I've been involved in one way or another in internationalizing software for over 25 years. Those 25 years have certainly seen some changes -- like the rise of Unicode -- but I think we still fall short.
Recently, on the Android platform, a change was made that peripherally relates to today's topic; this is a revised version of that post, as the issue is much broader than that of Android, or Java, but rather how we go about externalizing strings for translation.
The current usual practice for externalizing strings is to externalize a template, which gets filled in, for example, "%d cats and %d dogs". Typically, this would be used like this:
format("%d cats and %d dogs", catCount, dogCount);
That doesn't look too bad, but when you don't have the format string and the parameters in the same place, it becomes really hard to understand what is happening, and errors are common.

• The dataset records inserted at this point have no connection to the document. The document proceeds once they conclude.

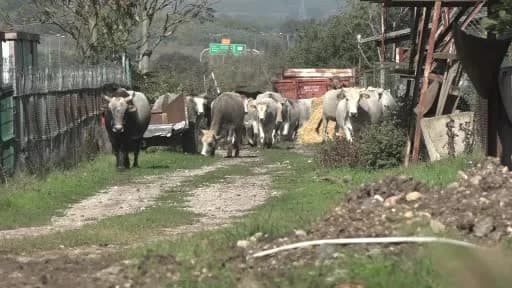 Yerli sığır hem et üretecek hem ormanları koruyacak
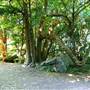 Mount Keira Scout Camp File 1
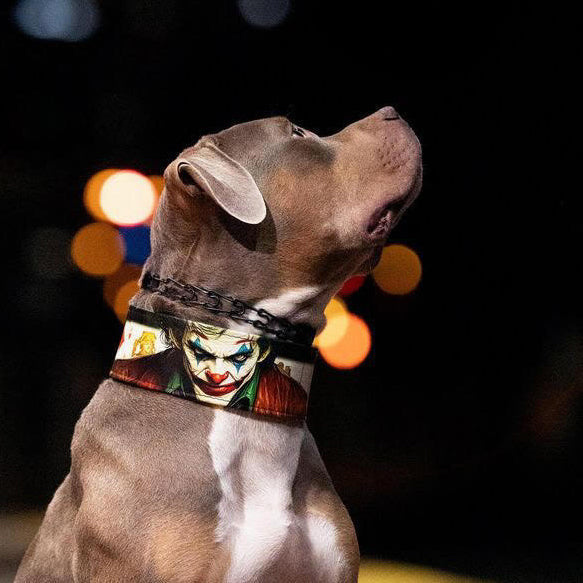 JK Limited Dog Collar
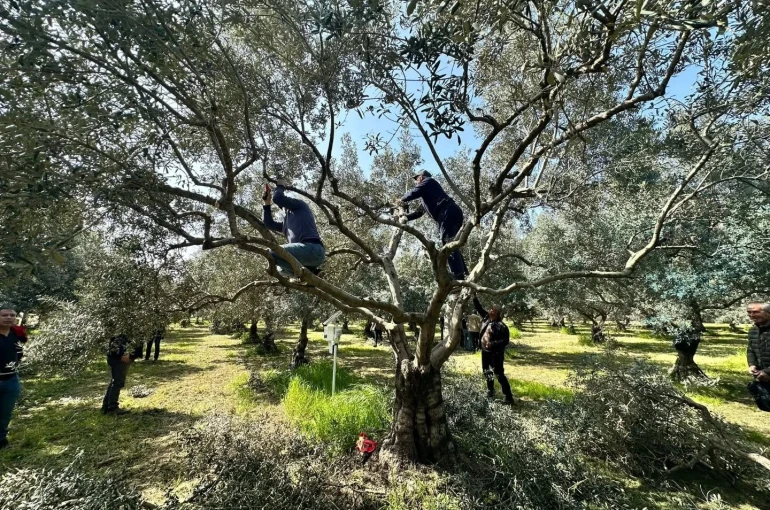 Koçarlılı üreticilere uygulamalı budama eğitimi 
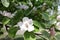 Closeup of white flower of quince in May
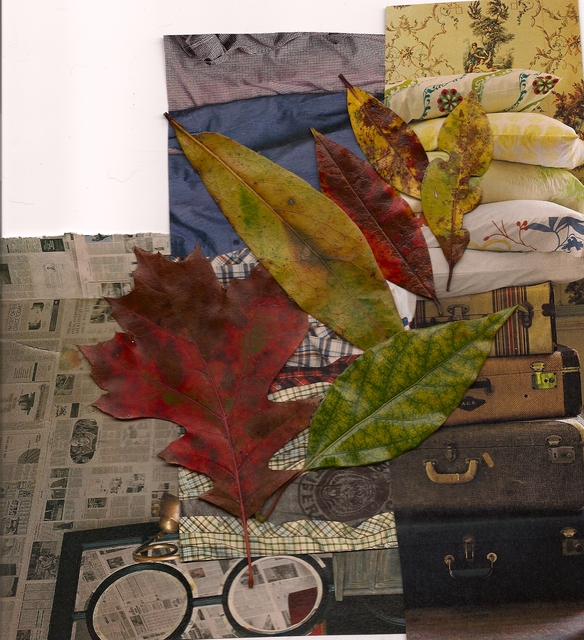 leaves Picture Box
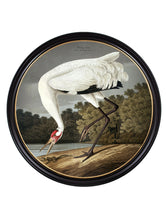 C.1838 Audubon's Hooping Crane in Round Frame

But that's just the start of the problem. When you translate, often word order needs to change. For example "red shoes" becomes "zapatos rojos" in Spanish. This extends to entire sentence structure. The usual solution is to allow the format string to refer to arguments explicitly by position, so for:
format("%s %s", color, item);
we might substitute "%2$s %1$s" for Spanish.
But that's not good enough.
In my experience (perhaps not comprehensive), the workflow goes like this: A developer writes the message, in his language of choice, usually English, but perhaps, say, Japanese, and plops in %s and friends where appropriate, and arranges the arguments to the formatting code in the same order as they occur in his format string.
Then someone comes along and whacks him over the head for not externalizing it for translation, and it is moved to strings.xml or other localization resource.
Finally, maybe one time in 100, the application is successful enough to be localized to other languages. One might wish for this to be more often, but actually I think I'm being generous here. But it's a pain to do if the previous step hasn't been done, as a matter of practice. So we'd like to make that as easy as possible. Really, I don't think we're even close to making it as easy as we should make it! Especially since the programmer, and likely his manager as well, will correctly perceive that the effort stands a high probability of being wasted.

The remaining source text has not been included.